# Using paint brushes as makeup brushes??



## cheller (Jun 1, 2008)

Has anyone else tried this? it IS a cheaper alternative. But do you think that they would have the same quality as a makeup brush.

i have 4 paint brushes right now that i currently use as:

eyeliner brush

foundation brush

2 flat shadow brushes

they are shaped &amp; have the same texture as a lot of makeup brushes. i find no problem with it at all. i like the nylon texture, its good for wet application. they have actually helped me make the most out of my shadows. i didnt see half as much shimmer &amp; sparkle in them before. i think its a good alternative.


----------



## Ashley (Jun 1, 2008)

These threads might interest you:

https://forum.makeuptalk.com/f11...hes-76330.html

https://forum.makeuptalk.com/f11...ore-43277.html

https://forum.makeuptalk.com/f11...hes-70553.html

https://forum.makeuptalk.com/f11...hes-68369.html

https://forum.makeuptalk.com/f11/true-57935.html


----------



## -Liz- (Jun 1, 2008)

Thanks Ash


----------



## Charlene (Jun 2, 2008)

I live by my L/C Maxine's Mop brushes in 1/4. They are like, $3 at the craft store. Super awesome for looks with lots of colors - I have a clean brush for each color application.


----------



## kellianne76 (Jun 2, 2008)

Try Michaels, they have a great selection in brushes.


----------



## breathless (Jun 2, 2008)

i use paint brushes too =] why not =]


----------



## banapple (Jun 2, 2008)

lol why not, your face is a canvas =D

and plus, paint brushes (depending on brand) are a good deal compared to say... MAC brushes.


----------



## MakeupByMe (Jun 2, 2008)

Quote:
Try Michaels, they have a great selection in brushes. I use some paint brushes from michaels as well I mean Makeup is art &amp; if it gets the same results theres nothing wrong with that!!!


----------



## ticki (Jun 2, 2008)

if it works for you, go right ahead!


----------



## Adrienne (Jun 2, 2008)

Originally Posted by *Ashley* /img/forum/go_quote.gif These threads might interest you:https://forum.makeuptalk.com/f11...hes-76330.html

https://forum.makeuptalk.com/f11...ore-43277.html

https://forum.makeuptalk.com/f11...hes-70553.html

https://forum.makeuptalk.com/f11...hes-68369.html

https://forum.makeuptalk.com/f11/true-57935.html

D9lPfKzQAXE

haha! as soon as i read this thread title i thought, ENKORE TO THE RESCUE!!

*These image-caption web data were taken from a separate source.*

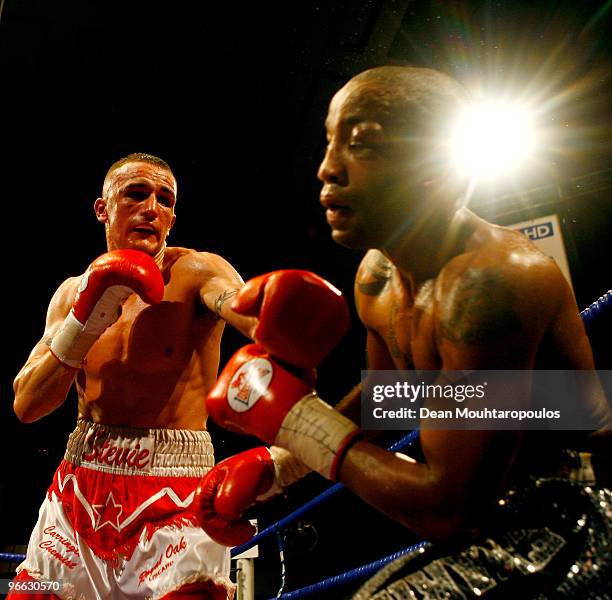 Steve Williams of Liverpool lands a punch on Michael Grant of Tottenham in their English Light-Welterweight title bout at York Hall on February 12,...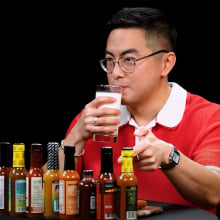 A man sits at a table covered in sauce bottles, sipping a glass of milk.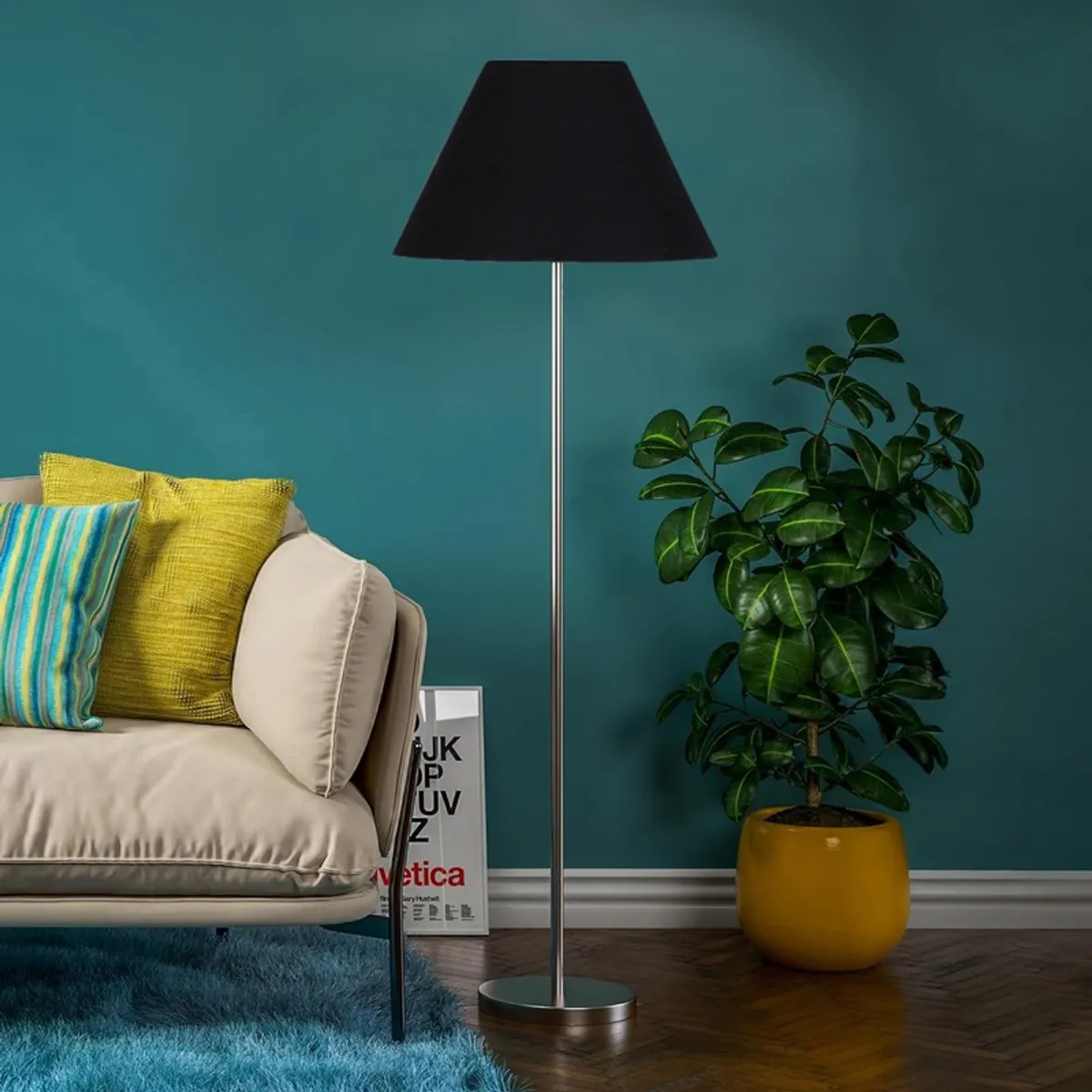 Black floor lamp with slim metal stand styled beside a sofa and potted plant
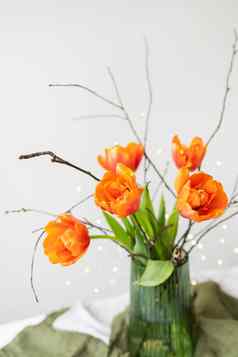 美丽的春天花束绿色花瓶站表格亚麻桌布橙色牡丹郁金香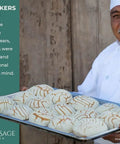 Baker holding a full sheet tray with baked goods, showcasing Saffron & Sage bakeware, with text explaining the brand's roots and quality focus.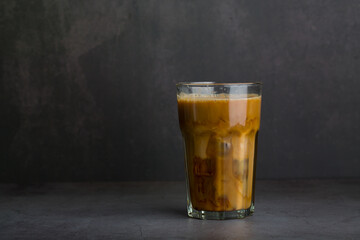 Glass of a iced coffee . Cold brew coffee drink with ice.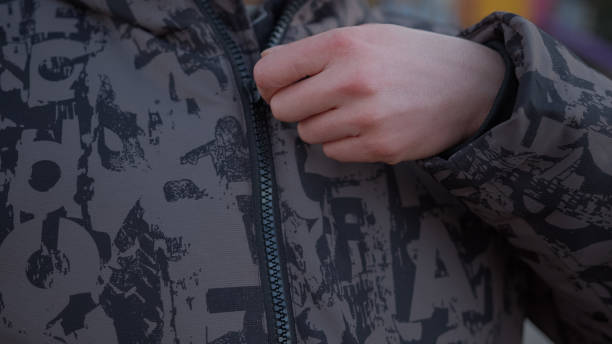 istock Young man closing his jacket zipper in close-up, cold weather concept 1468315715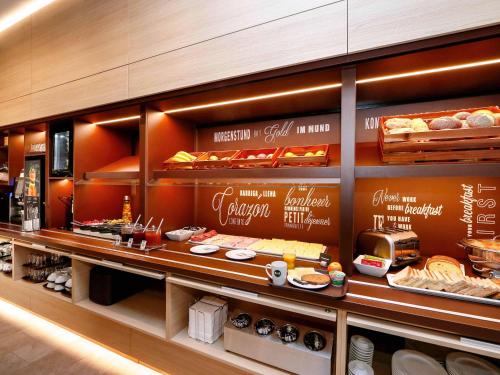 a display case in a fast food restaurant at B&B HOTEL Klagenfurt-City in Klagenfurt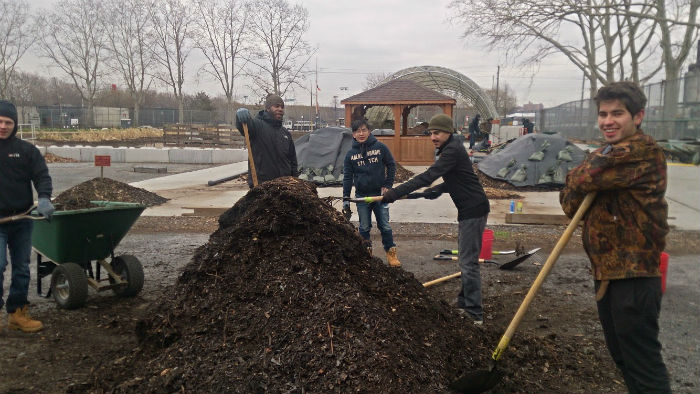 DURA Decathletes shoveling a large compost pile at Added Value Community Farm in Red Hook, December 2014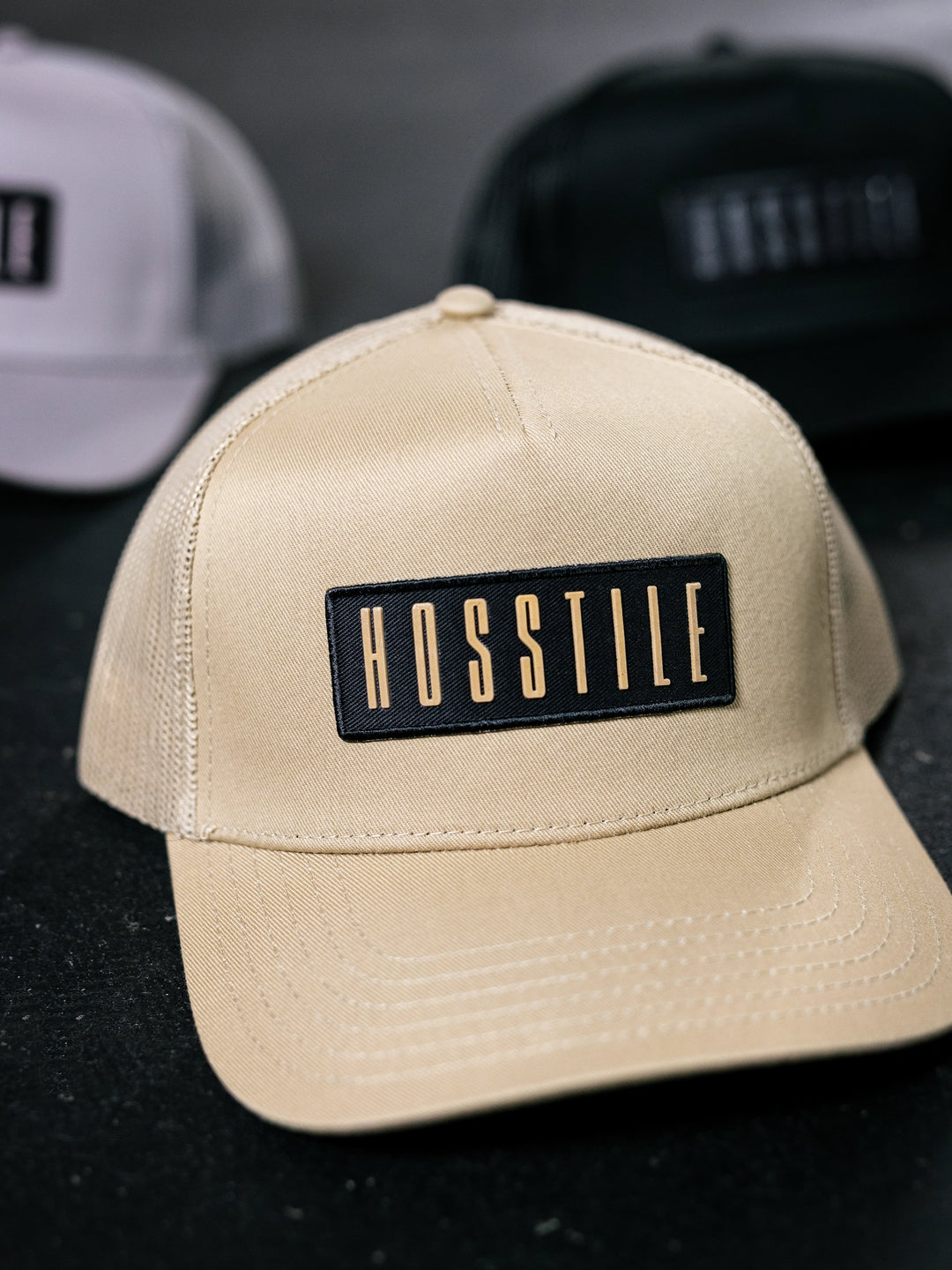 Beige cap with 'HOSSTILE' logo on a dark background.#color_desert-sand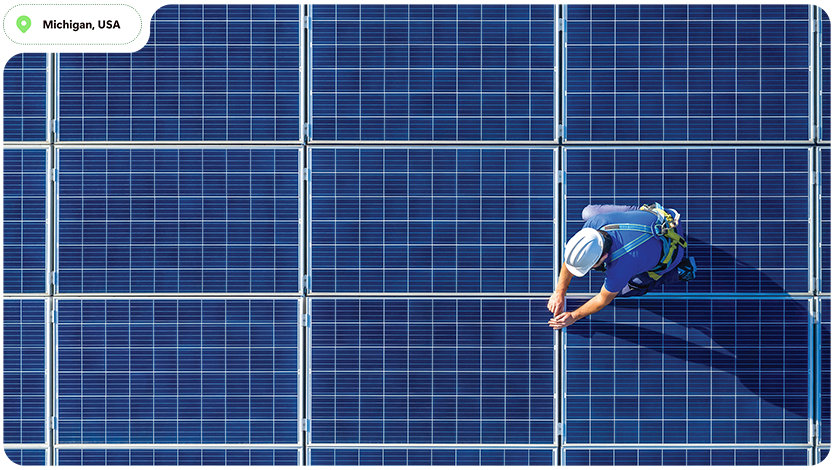 Worker inspecting solar panels in Michigan, USA.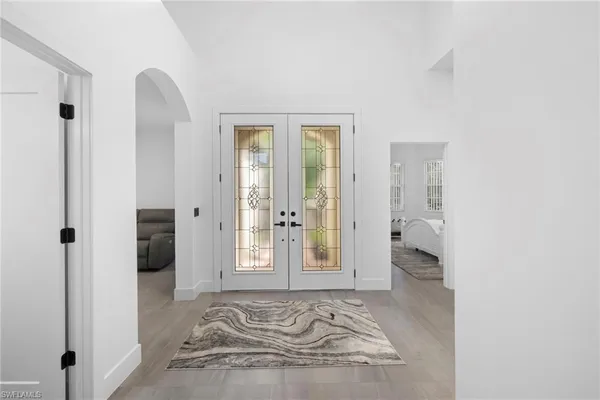 a view of a room that has a bed in it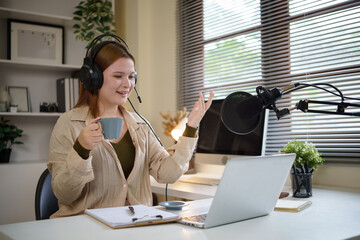 Confident host discussing topics for her podcast while streaming in a stylish office.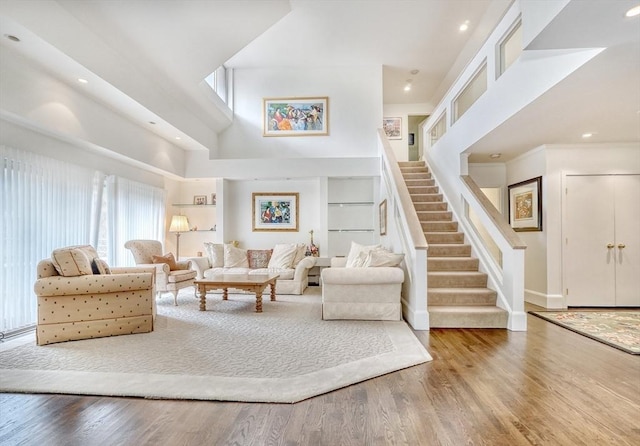 living area with stairs, recessed lighting, a high ceiling, and wood finished floors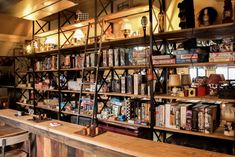 the shelves are full of books and magazines in this room that is filled with old - fashioned items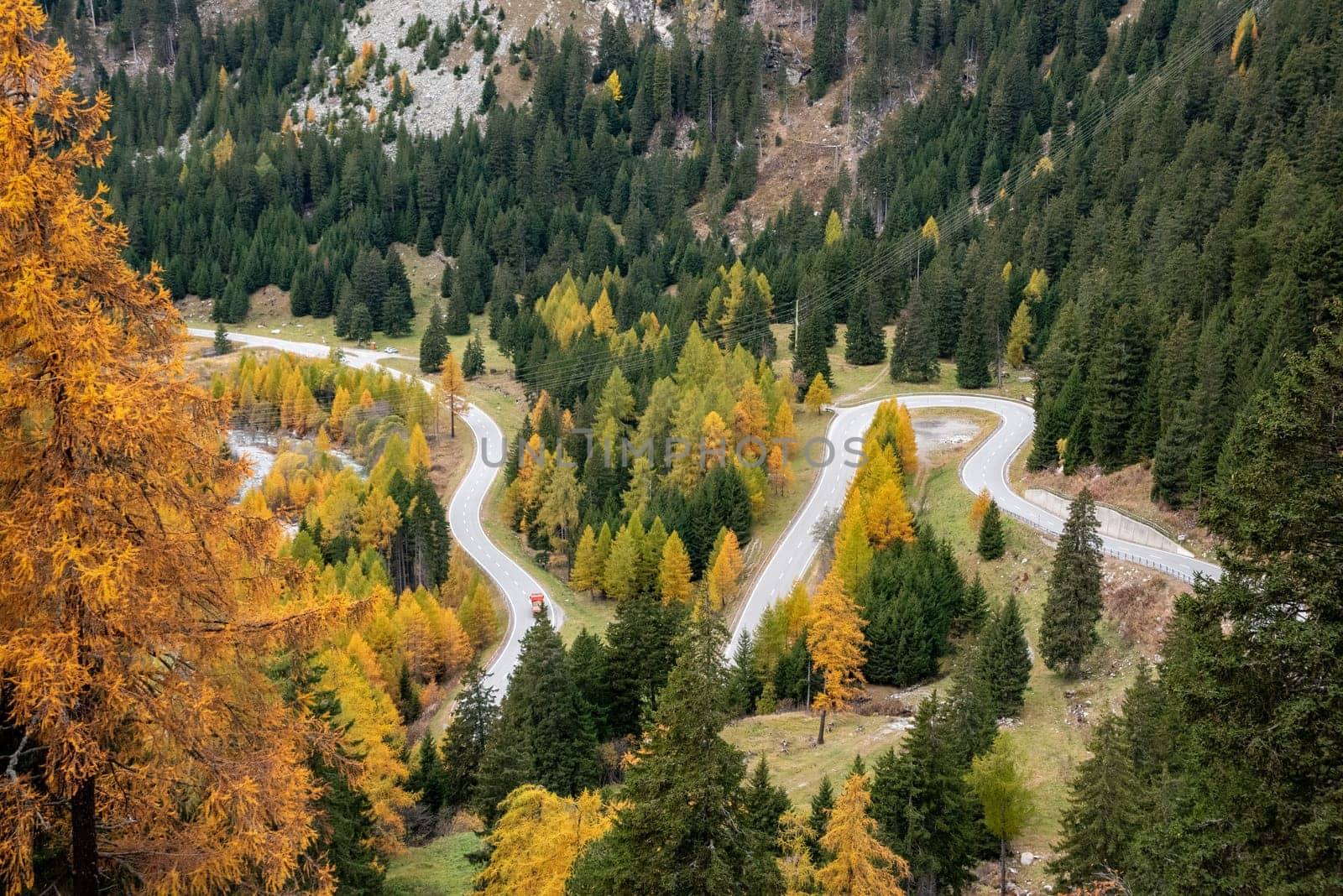Scenic winding road at Maloja pass in Switzerland in autumn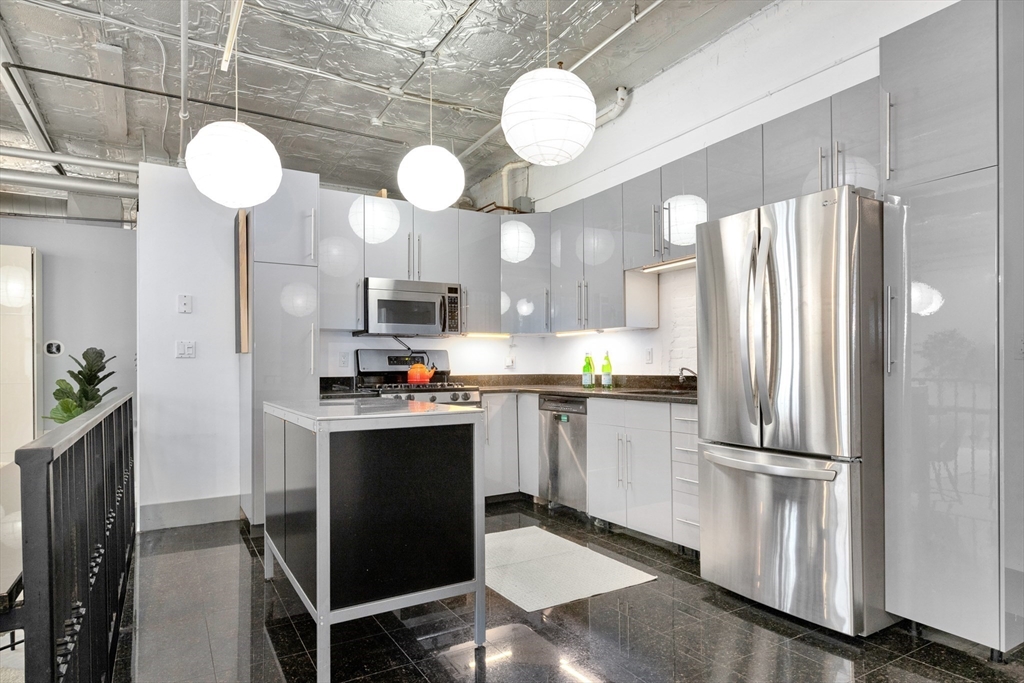 10 Williams Street, Unit 13 Boston, MA 02119 - Photo 16 of 38 a kitchen with stainless steel appliances granite countertop a refrigerator a stove and a sink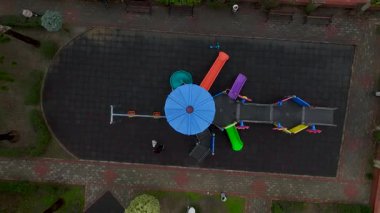 Yetişkinler ve çocuklar salıncaklarda vakit geçiriyorlar..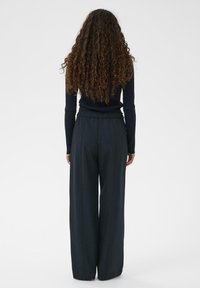 Vrouw met lang, krullend haar die een zwarte geribbelde longsleeve en wijde zwarte broek draagt, staand tegen een witte achtergrond.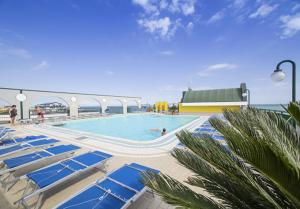 een zwembad op een cruiseschip met blauwe stoelen bij Residence Cristoforo Colombo - Carraro Immobiliare - Family Apartments in Caorle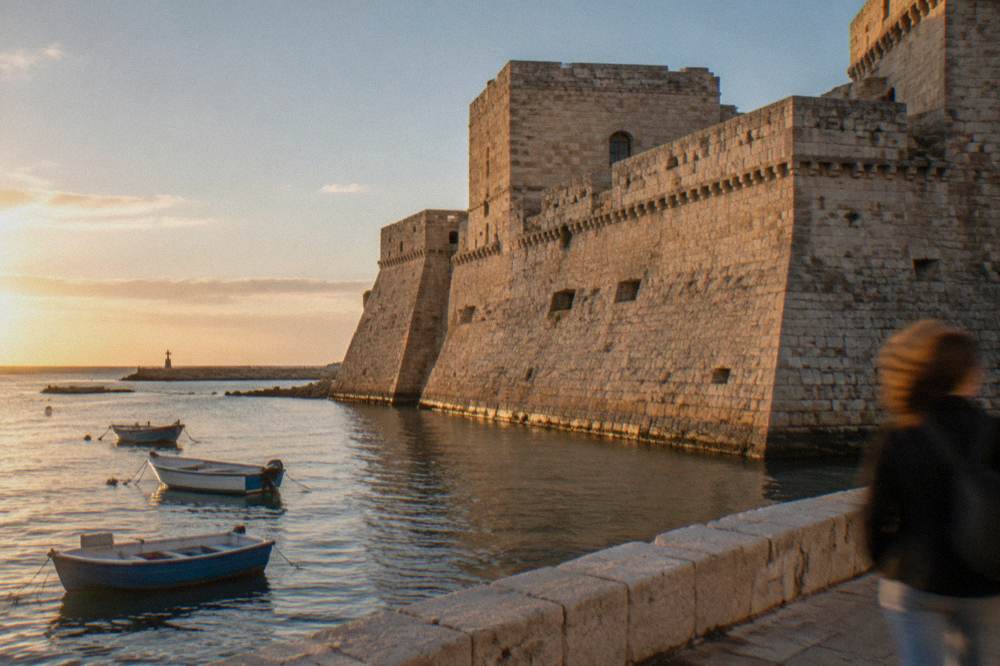 Seaward wall of a pale stone castle beside harbour water with a few small boats in afternoon sun
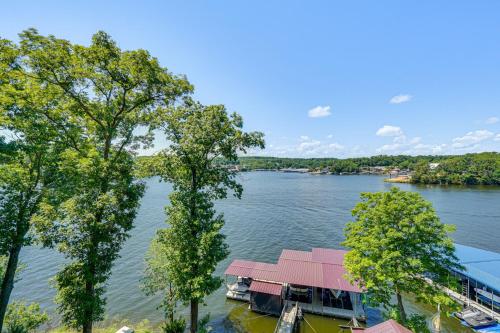 arial view of a lake with a house and trees at Hot Tub and Dock Lake Ozark Vacation Home! in Lake Ozark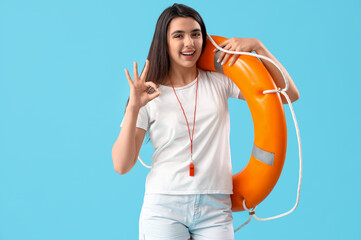 Female lifeguard with ring buoy showing OK on blue background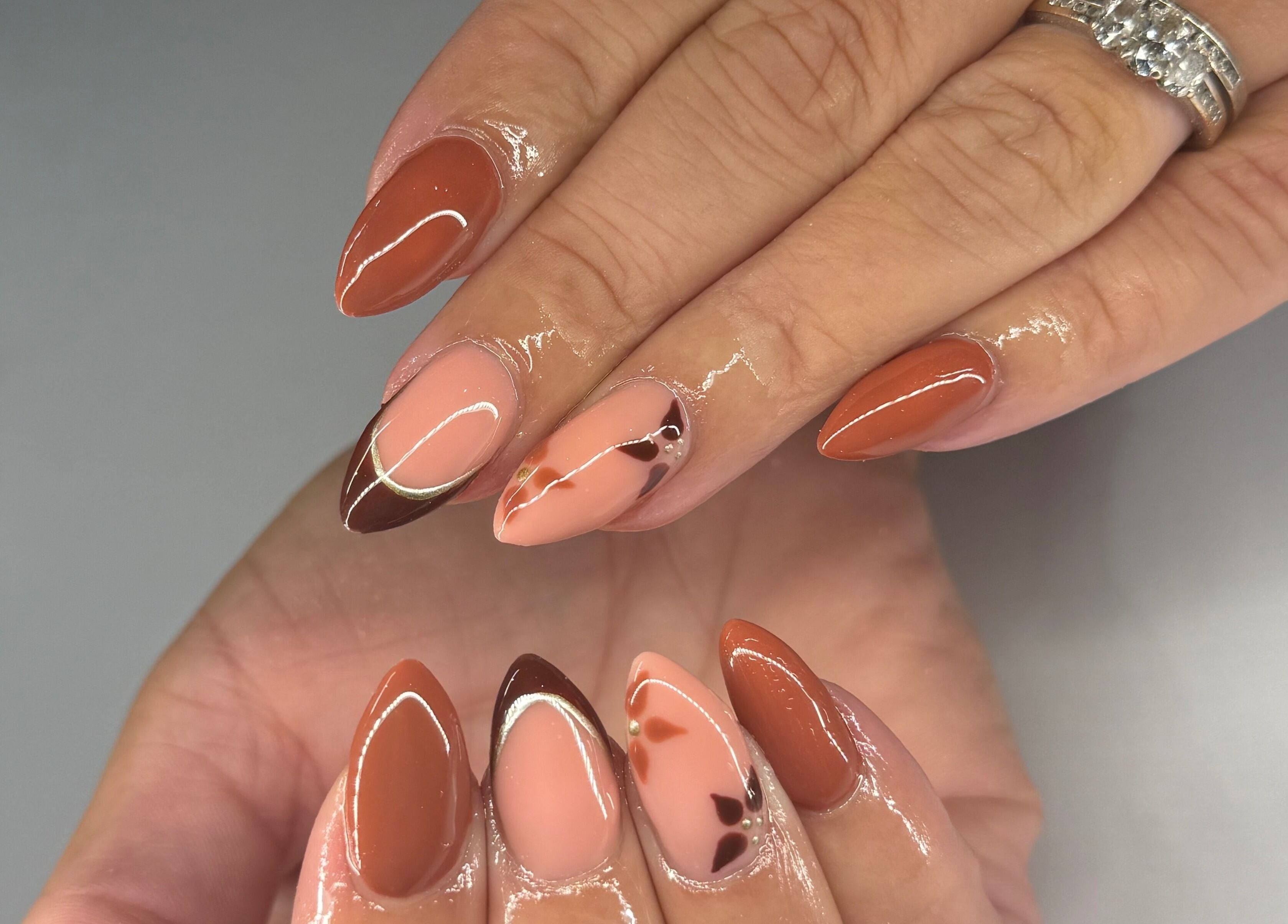 Elegant autumn-themed nail art at Nikki Nails, Llansamlet, Wales, GB.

I use 2 lowe cornell brushes as eyeliner brushes and i have to say i spent 4 dollars on both and it does way better than any of my other highend brushes.


----------



## bulbul (Jun 3, 2008)

I was thinking about using paint brush aswell, I am sure it work same as Mu brushes


----------



## internetchick (Jun 3, 2008)

You know, I got a couple brushes because of the Enkore video and I was disappointed. They didn't stay soft for very long, and I didn't feel they applied makeup very well. I won't be buying craft store brushes again. I can get Face Secrets brushes from Sally Beauty for about $5 each, and they are super soft. I have several and so far they have remained soft and continue to apply well.


----------



## princessP (Jun 3, 2008)

Cool idea, if it works, I dont see how it could possibly be a bad idea.


----------



## CamaroChick (Jun 3, 2008)

I love the LC brushes I got from Michael's. In my opinion, they hold up to washing much better than the high end makeup brushes. AND they're so much more reasonably priced. IMO, it just takes a little digging around to find ones that are soft enough and appropriate to the application.


----------



## CellyCell (Jun 3, 2008)

Yer, I have. It's okay.

I bought a few and never use them. The better ones they have are pricey.


----------



## magneticheart (Jun 3, 2008)

I have two paint brushes I use with make-up and I love them! They work really well and are a great alternative for people who don't have much money to spend.


----------



## Adrienne (Sep 26, 2008)

Okay I know that I'm bumping an older thread but I didn't want to create another thread based on this topic after Ashley has already created an amazing sticky gathering all this information together. I wanted to add this really cool link which sells all these types of brushes almost always on sell for those that don't order from rexart already. I think the pictures are much more accurate and organized as well. I'm looking at this website mainly for this purpose to compare the brushes





Hofcraft Decorative and Fine Art Painting Supplies


----------



## LookLovely429 (Sep 26, 2008)

Loew-Cornell 1/4" mop brush is one of my favorites. I have a couple more of his brushes that I am very pleased with as well. The only problem that I have is they color from the eyeshadow seems to stain the brush. But they still work wonderfully.


----------



## CharleneT (Sep 26, 2008)

Absolutely use paint brushes, but I'm an artist ... so had extra's sitting around looking for a job...


----------



## Amendria (Sep 26, 2008)

I had the list of brushes he said would be great, but Michael's doesn't have them labeled like that.


----------



## coke (Sep 26, 2008)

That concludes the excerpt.